Las democracias contraatacan


Las fuerzas ucranianas han resultado ser llamativamente más ágiles, más capaces de adaptarse a las circunstancias que las rusas. Y el sistema, más democrático.


Si bien es habitual suponer que la restauración de la democracia hace casi cuatro décadas se debió exclusivamente a factores internos, como el fracaso patente del régimen militar, el que en los años ochenta muchos otros países experimentaran cambios similares hace pensar que se trataba de la manifestación local de algo que sucedía en buena parte del mundo. Es que, luego de un período prolongado en que políticos y, con más fervor, intelectuales insistían en que los problemas enfrentados por las distintas sociedades, en especial las subdesarrolladas, eran tan profundos que requerían soluciones autoritarias, se difundió con rapidez sorprendente el consenso a favor de la democracia que se fortaleció enormemente en 1991, cuando se desintegró la Unión Soviética.

He aquí una razón por la que la competencia, para no decir guerra fría, entre las democracias encabezadas forzosamente por Estados Unidos y las autocracias informalmente lideradas por China, no puede sino incidir en la evolución de los demás países, incluyendo a la Argentina.

A comienzos del año actual, parecía que, merced al dinamismo económico chino, aumentaba el prestigio del autoritarismo, mientras que la democracia, que en Estados Unidos pasaba por un muy mal momento, perdía su atractivo. Asimismo, la retirada caótica de las tropas norteamericanas y europeas de Afganistán había convencido a muchos de que las democracias, enfermas de derrotismo, dejarían de desempeñar un papel protagónico en el escenario internacional.

Entre los persuadidos de que el Occidente, paralizado por dudas de todo tipo, estaba replegándose, se encontraba Vladimir Putin. En febrero, tanto él como muchos otros creían que el ejército ruso, supuestamente el segundo más poderoso del mundo, necesitaría a lo sumo un par de semanas para completar la conquista de Ucrania y que, frente al atropello, las potencias democráticas se limitarían a derramar algunas lágrimas de cocodrilo, redactar una serie de declaraciones rimbombantes y, después de un intervalo relativamente breve, olvidarse del asunto. Al fin y al cabo, es lo que hicieron cuando el ruso se apropió de Crimea en 2014.

Pero Putin, y otros autócratas como el chino Xi Jinping, se equivocaban. Pertrechados de armas modernas suministradas por Estados Unidos, el Reino Unido y los miembros de la Unión Europea, los ucranianos pronto se pusieron a expulsar a los rusos de los lugares que habían capturado en los primeros días de la invasión. Acaban de retomar la ciudad emblemática de Jerson; a juicio de muchos expertos militares, podrían ganar la guerra.
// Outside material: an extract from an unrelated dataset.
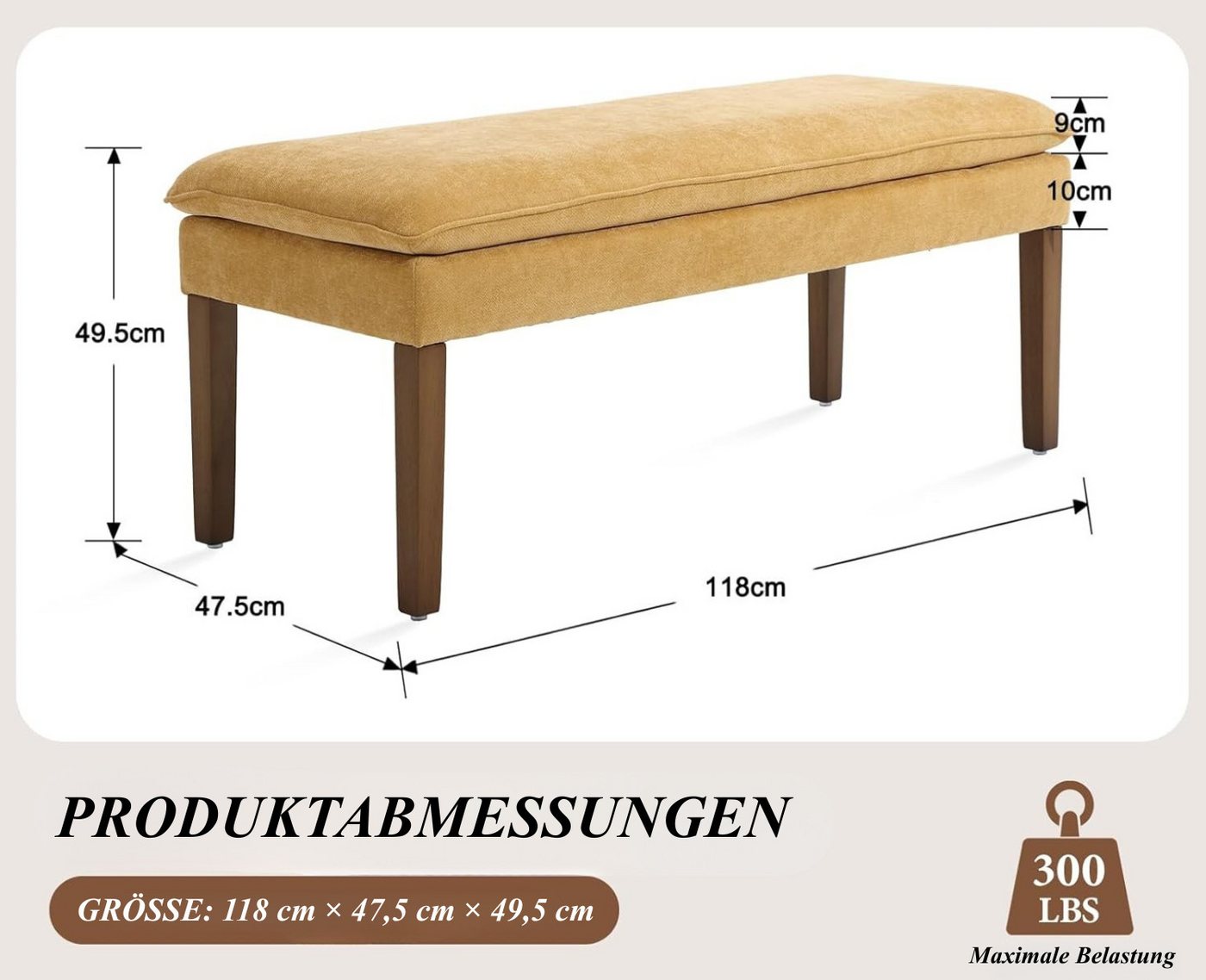 WAHSON OFFICE CHAIRS Sitzbank Sitzbank Chenille, Bettbank mit Holzbeinen mit Zweilagiges Polster – Bild 2 von 5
Si lo hacen, será en buena parte merced a la decisión del presidente Volodimir Zelensky y quienes lo rodean, de encuadrar la guerra en el conflicto que está librando la democracia occidental contra un conjunto de autocracias. Al obrar así, los ucranianos transformaron lo que los rusos creían sería visto como una escaramuza fronteriza menor en un asunto de gran importancia geopolítica. De tal modo, brindaron a sus aliados argumentos contundentes que les servirían para justificar ante sus electorados respectivos la ayuda costosísima que continuarían prestándoles en un momento de grandes dificultades económicas.

Hace un año, a pocos se les hubiera ocurrido sugerir que Ucrania, un país notoriamente corrupto con instituciones políticas precarias, podría cumplir el rol que ha asumido, pero ocurre que tanto los éxitos ucranianos en el campo de batalla como los fracasos rusos, pueden atribuirse a las diferencias entre los dos sistemas. Por lo demás, es más que probable que la necesidad de mostrar al mundo que Ucrania sí es una democracia cabal, permita a sus dirigentes políticos llevar a cabo reformas que no serán nada fáciles.

Las fuerzas ucranianas han resultado ser llamativamente más ágiles, más capaces de adaptarse a las circunstancias que las rusas. El sistema es más democrático, ya que los suboficiales pueden improvisar sin tener que recibir órdenes de arriba antes de modificar sus tácticas. Asimismo, el gobierno se preocupa mucho por el entrenamiento de sus efectivos, trasladando a miles a Polonia, Inglaterra y otros países donde pueden prepararse para combatir.

En cambio, como corresponde en una sociedad autoritaria, los militares rusos se aferran a una cadena de mando jerárquica e inflexible. Lejos de respetar a quienes están bajo su mando, los oficiales los tratan como ganado, como carne de cañón. Incluso recurren al expediente tradicional soviético de emplear tropas “de barrera” que fusilan a quienes vacilan en avanzar.

No extraña, pues, que la moral de los soldados rusos esté por el suelo y que centenares de jóvenes hayan huido de su país por temor a verse enviados a un matadero en una guerra que les parece insensata.